Ritengo molto seri i rischi, evidenziati nel documento dell’esecutivo di MD, dell’udienza penale in remoto. Sono legati essenzialmente al processo cognitivo e decisionale del giudicante, dei quali si  tratta anche in uno specifico corso sulla “psicologia del giudicare” della nostra Scuola Superiore, che si è avvalsa della collaborazione del prof. Rumiati (v. Rumiati ed altri, “Il giudice emotivo”, Il Mulino). Da remoto la persona dell’imputato processato diviene una sorta di figurina, a prescindere dalla buona volontà e dall’impegno del giudicante. La nostra mente funziona così e, ricorda Rumiati, funziona così da circa 200.000 anni.
  Forse in alcuni tipi di giudizio penale, come in appello e soprattutto nel giudizio di cassazione, quei rischi sono minori. Nel civile non so, perché non lo pratico da troppo tempo. In appello penso che comunque, qualora l’imputato (soprattutto se detenuto) lo richieda espressamente, dovrebbe essergli concesso di trovarsi di persona nei pressi del giudicante per manifestarsi per quello che veramente è e per dire la sua, se crede. Non apprendiamo solo con occhi e orecchie. Altro è assistere ad uno spettacolo teatrale dal vivo, altro è guardarlo in televisione.

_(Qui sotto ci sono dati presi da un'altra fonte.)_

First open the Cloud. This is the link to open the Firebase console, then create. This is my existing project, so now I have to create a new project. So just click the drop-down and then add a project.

 Certo, il convenire di più persone in un’aula giudiziaria aumenta il rischio di contagio, almeno finché si sia nella fase calda di una epidemia, come ora ci troviamo. Le esigenze di deconcentrazione e di distanziazione portano a celebrare meno processi penali che in tempi ordinari. Penso a certe aule del Tribunale di Roma, destinate ai dibattimenti monocratici, che nelle prime ore della mattinata erano veramente zeppe di gente, che debordava nei corridoi antistanti. Quelle situazioni andrebbero evitate. Alcune di quelle udienze sono destinate alla verifica della costituzione delle parti e allo smistamento. Queste fasi penso che potrebbero essere trattate da remoto senza pregiudizi per gli imputati. Lo stesso discorso può farsi per le conclusioni delle parti.

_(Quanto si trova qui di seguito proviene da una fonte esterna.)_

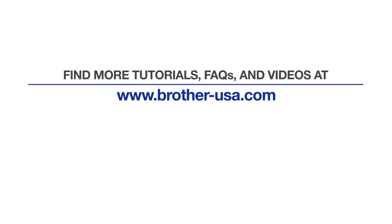For more tutorials, FAQs, and videos, visit us at www.brother-usa.com. Thank you for choosing Brother.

 Naturalmente, la gestione da remoto richiede una strumentazione valida, che nel penale non mi pare ancora disponibile dappertutto.
Mario Ardigò - Roma


Da: Area [mailto:area-bounces a areaperta.it] Per conto di Gianfranco Gilardi
Inviato: martedì 14 aprile 2020 12:53
A: Magistratura democratica <md a magistraturademocratica.it>
Cc: europa a magistraturademocratica.it; AreAperta <area a areaperta.it>
Oggetto: Re: [Area] I rischi dell'udienza telematica: la lettera di Luca Semeraro

 Analogamente – e per allargare l’orizzonte della riflessione – è innegabile il valore degli strumenti c.d. alternativi al processo per garantire il soddisfacimento dei beni della vita, tanto più nel difficilissimo momento che il Paese sta attraversando. Come si legge, infatti, nel recente “Manifesto della Giustizia Complementare alla Giurisdizione”,  di fronte ai “gravissimi problemi che coinvolgono tutti, cittadini, imprese, associazioni, pubblica amministrazione, nell’inevitabile rallentamento dell’operatività del sistema giustizia”, negoziazione e  mediazione costituisco la  “sponda di soccorso e assistenza di tutti quei cittadini e di quelle imprese che hanno bisogno di trovare una soluzione celere per la gestione dei loro conflitti che, se già pendenti …. vedranno rinviarne necessariamente l’esito,  se ancora non azionati rimarranno senza risposta per lungo tempo”.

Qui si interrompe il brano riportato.